Electric motors seem like they’re the key to the green energy revolution, a cleaner alternative to the fossil-fuel-guzzling engines that currently power automobiles and machinery. But it turns out electric motors are pretty inefficient. Large industrial motors currently use about 15 percent of the power produced in the United States, wasting about 80 percent of that electricity. There are several reasons why motors are so inefficient, and the bearings that hold the motors in place are one factor. Lubricants needed to keep bearings running can transfer heat, reducing efficiency. Because they wear out quickly, bearings also limit the use of more efficient upgrades like variable speed motor drives.
Eric Severson, assistant professor of electrical and computer engineering at the University of Wisconsin-Madison, hopes that with the support of a prestigious National Science Foundation CAREER award he can develop bearingless magnetic motors that would lead to new types of more efficient, more adaptable motors.
Several research groups are looking into motors which would use magnetic bearings to levitate a motor’s shaft, allowing it to spin without resting on a bearing, essentially creating a friction-free motor. Doing that means the mechanical aspect of the motor can be simplified, but the machine is more electronically complicated.
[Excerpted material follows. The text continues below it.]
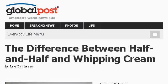If you don't find useful information on the previous sites, see everydaylife.globalpost.com, the web page The Difference Between Half and Half and Whipping Cream. Here's the link.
Severson plans to take that idea one step further, letting the motor serve as its own bearing. His design does that by stripping away redundant parts, like extra battery backups, and simplifying the electronic components. “My design can do the same thing as these magnetic bearings,” he says. “But it uses the magnetic materials that are already in the motor. So, it’s a step more integrated.”
The advantage of non-contact bearings, he says, is that the design decreases cost and allows the motor to be configured in all kinds of shapes and tilted at various angles. Severson believes these motors could replace the energy-draining behemoths currently used in industry, but they could also have other uses. For instance, they would allow the production of very short motors with very large diameters, which could be used in electrified flight. A friction-free motor sealed in a vacuum chamber could also be used as a flywheel to store energy from a green energy grid, converting solar and wind energy to on-demand energy. “There’s no friction because it levitates,” he says. “It would have no self-discharge and wouldn’t slow down.”
At least, that’s how it works in theory. The CAREER award will help Severson and his students test out their designs. “We’re to the point that we’re ready to start building some prototypes and find out how true the assumptions we made really are,” he says.
Severson’s interests aren’t all mechanical. Another part of his CAREER proposal involves outreach. He’s working with 4-H, the youth mentoring organization, to create open source lab kits that will allow participants to do their own magnetic and motor-based investigations. He’s also working with Joanna Skluzacek, the 4-H STEM specialist at UW-Madison, Division of Extension, to develop summer camps at the University’s Upham Woods Outdoor Learning Center in Wisconsin Dells, Wisconsin, where budding engineers can tinker with motors, magnets and other mechanical devices.
4-H holds a special place for Severson, who was part of the organization growing up in rural Chanhassen, Minnesota, and where he completed several engineering projects he displayed at fairs. “My interest really is on trying to create STEM career pathways for rural kids and female youth,” he says. “And I think 4-H is a great network for that.”